-- Task item --
Each line of the listing is to be retyped exactly as given.

-- Records supplied --

- - - - -

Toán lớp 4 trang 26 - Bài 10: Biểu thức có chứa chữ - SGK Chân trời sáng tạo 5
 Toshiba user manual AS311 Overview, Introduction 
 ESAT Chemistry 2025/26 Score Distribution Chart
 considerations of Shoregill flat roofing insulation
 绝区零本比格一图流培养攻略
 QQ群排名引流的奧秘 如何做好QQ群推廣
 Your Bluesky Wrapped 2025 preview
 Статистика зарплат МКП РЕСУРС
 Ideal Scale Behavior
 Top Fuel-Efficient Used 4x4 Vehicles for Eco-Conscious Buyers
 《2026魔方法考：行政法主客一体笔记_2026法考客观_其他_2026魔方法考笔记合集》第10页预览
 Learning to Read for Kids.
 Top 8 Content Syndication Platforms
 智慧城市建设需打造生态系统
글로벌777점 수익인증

- - - - -

-- Answer to the exercise --
Toán lớp 4 trang 26 - Bài 10: Biểu thức có chứa chữ - SGK Chân trời sáng tạo 5
 Toshiba user manual AS311 Overview, Introduction 
 ESAT Chemistry 2025/26 Score Distribution Chart
 considerations of Shoregill flat roofing insulation
 绝区零本比格一图流培养攻略
 QQ群排名引流的奧秘 如何做好QQ群推廣
 Your Bluesky Wrapped 2025 preview
 Статистика зарплат МКП РЕСУРС
 Ideal Scale Behavior
 Top Fuel-Efficient Used 4x4 Vehicles for Eco-Conscious Buyers
 《2026魔方法考：行政法主客一体笔记_2026法考客观_其他_2026魔方法考笔记合集》第10页预览
 Learning to Read for Kids.
 Top 8 Content Syndication Platforms
 智慧城市建设需打造生态系统
글로벌777점 수익인증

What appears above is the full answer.